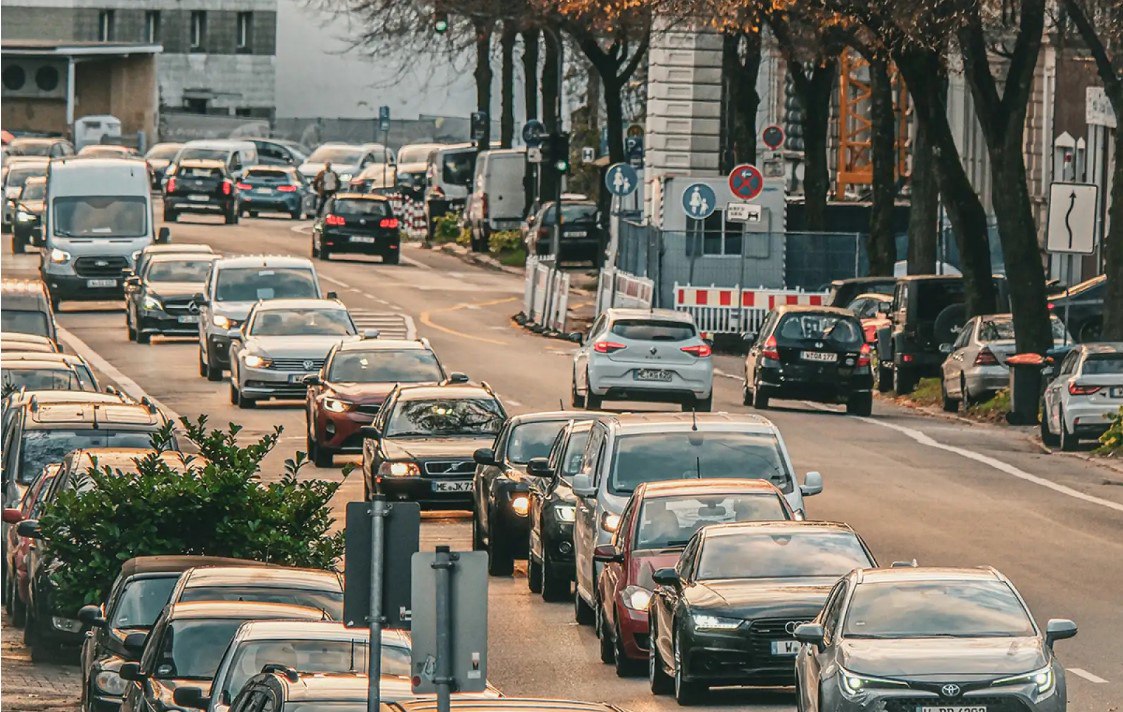 В последние годы цены на новые автомобили в Германии растут быстрее чем заработная плата Это усугубило кризис стоимости жизни и сделало их недоступными для рабочего класса www ridus ru n 728645 ridusnews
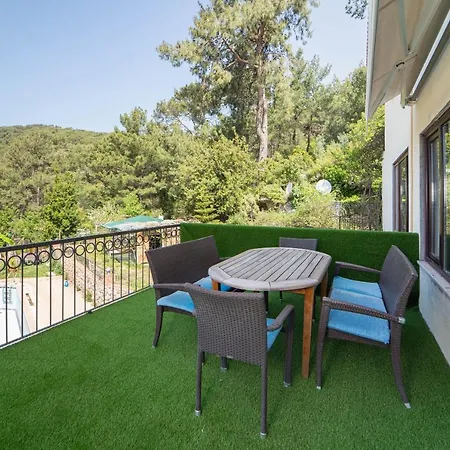 Hébergement de vacances Astonishing Flat With Amazing View, Balcony And Terrace In Fethiye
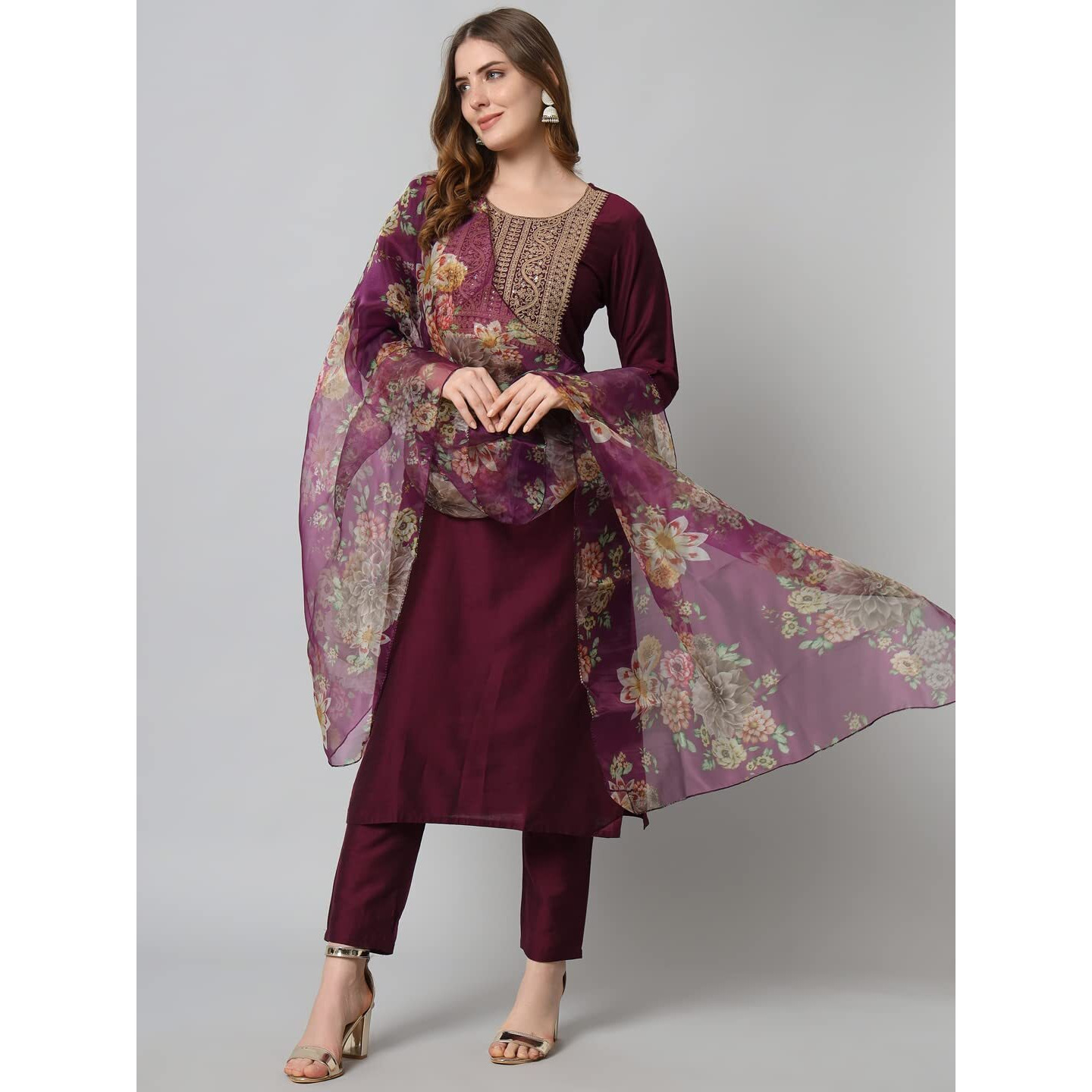 Vredevogel Women's Embroidered Cotton Silk Blend Kurta Pant And Dupatta Set (Purple_Small, Regular Fit)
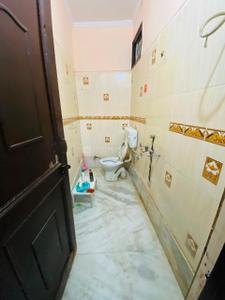 Image of 850 Sq.ft 1.5 BHK Apartment / Flat for rent in Uttam Nagar, New Delhi for Rs. 8800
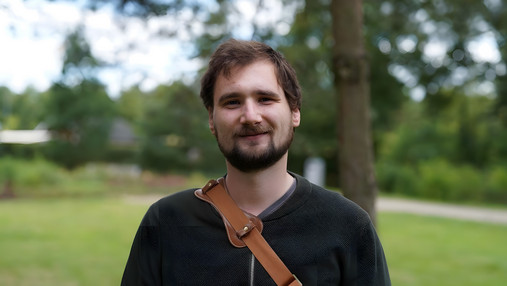 Foto zum Thema "ambulante Kinder- und Jugendhilfe": Zu sehen ist ein Porträt von Jan, Sozialarbeiter in Hamburg.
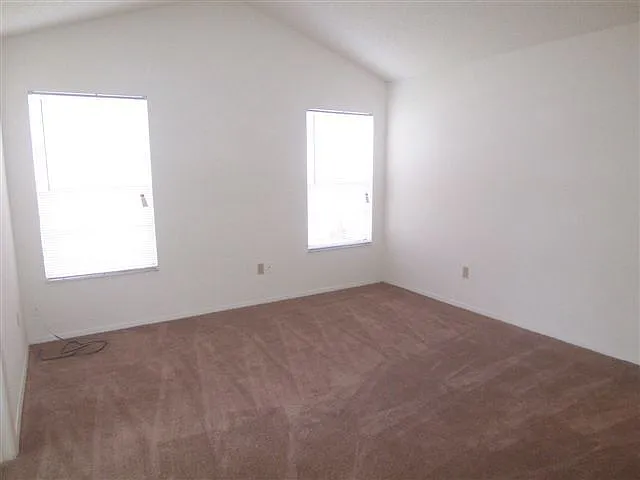 10819 Venice Cir — Photo 8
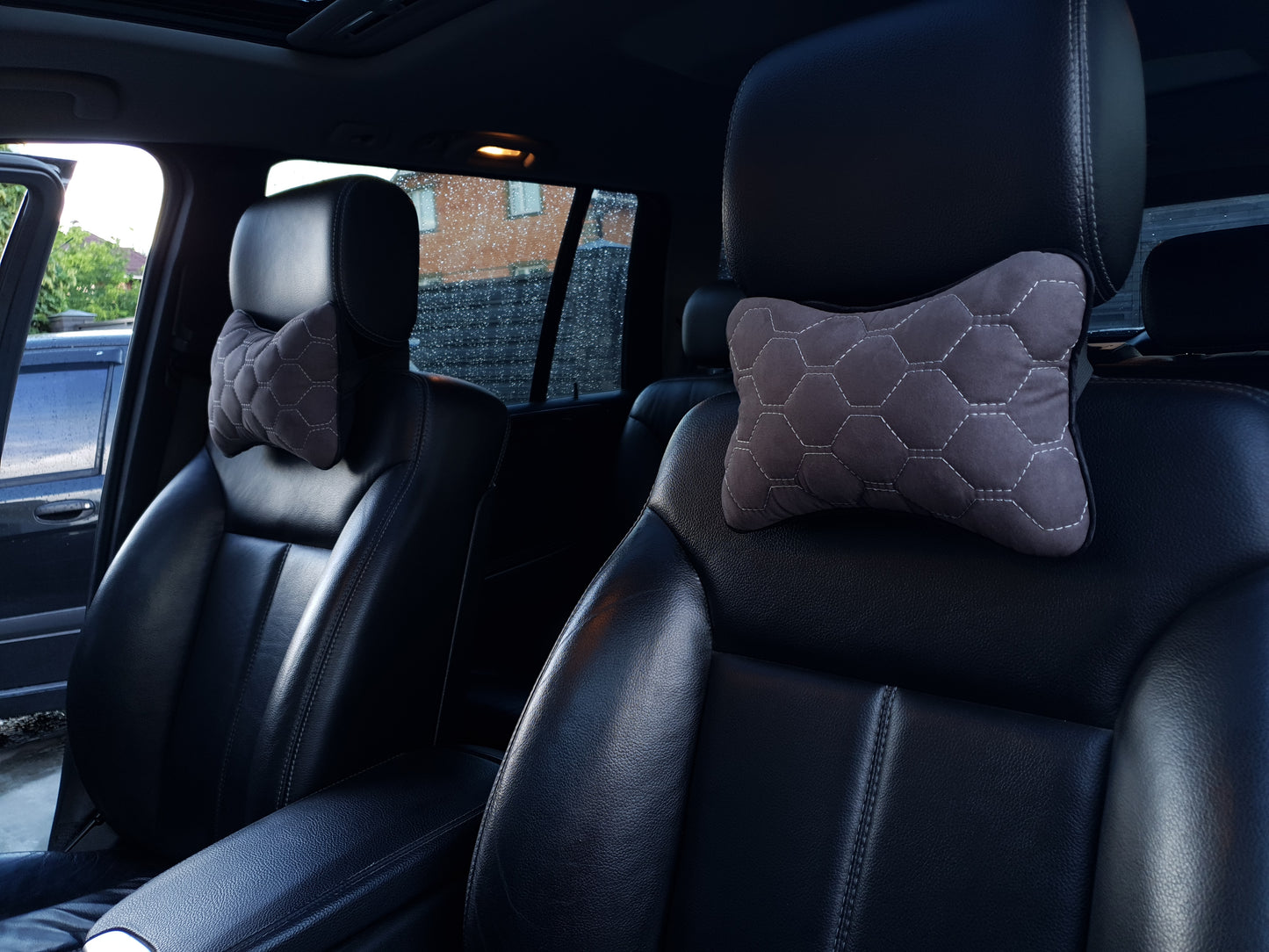 Poduszka samochodowa pod szyję z szarej alcantary – komfort i elegancja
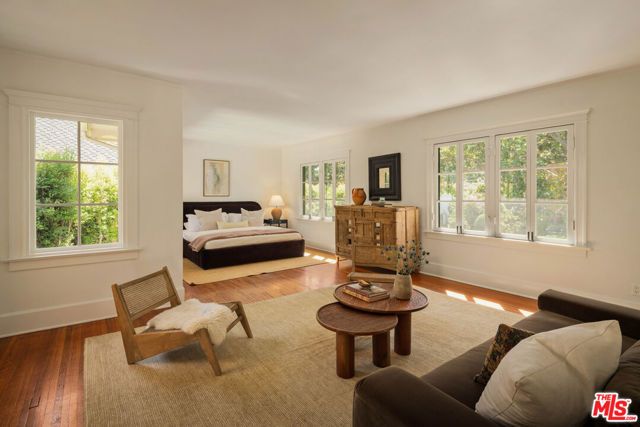 2030 N Hobart Boulevard, Los Angeles, CA 90027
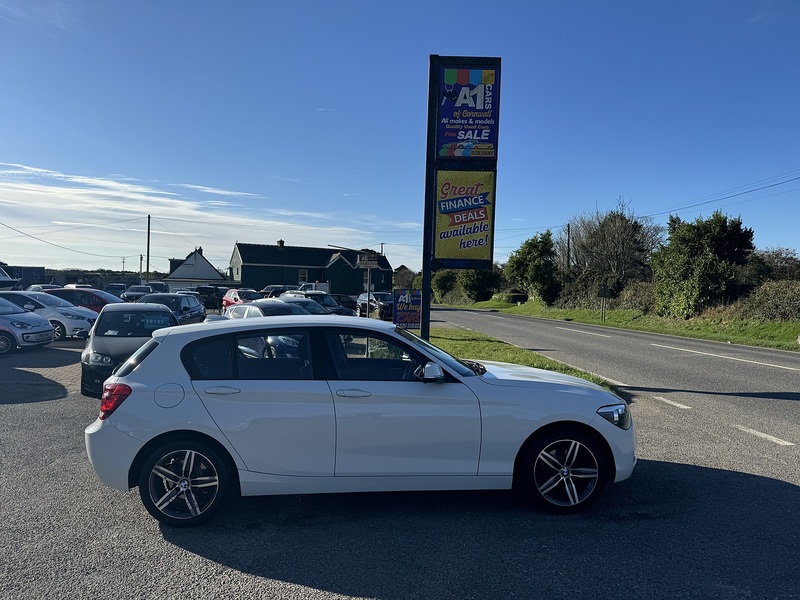 2.0 116d Sport Hatchback 5dr Diesel Manual Euro 5 (s/s) (114 bhp)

────────────────────────────────────────

◆ WHAT YOU HAVE TO DO ◆
Without the pictures, repeat every record above exactly as written.

◆ RESPONSE TO THIS TASK ◆
 В последние годы цены на новые автомобили в Германии растут быстрее чем заработная плата Это усугубило кризис стоимости жизни и сделало их недоступными для рабочего класса www ridus ru n 728645 ridusnews
 Hébergement de vacances Astonishing Flat With Amazing View, Balcony And Terrace In Fethiye
 Vredevogel Women's Embroidered Cotton Silk Blend Kurta Pant And Dupatta Set (Purple_Small, Regular Fit)
 Image of 850 Sq.ft 1.5 BHK Apartment / Flat for rent in Uttam Nagar, New Delhi for Rs. 8800
 Foto zum Thema "ambulante Kinder- und Jugendhilfe": Zu sehen ist ein Porträt von Jan, Sozialarbeiter in Hamburg.
 10819 Venice Cir — Photo 8
 Poduszka samochodowa pod szyję z szarej alcantary – komfort i elegancja
 2030 N Hobart Boulevard, Los Angeles, CA 90027
 2.0 116d Sport Hatchback 5dr Diesel Manual Euro 5 (s/s) (114 bhp)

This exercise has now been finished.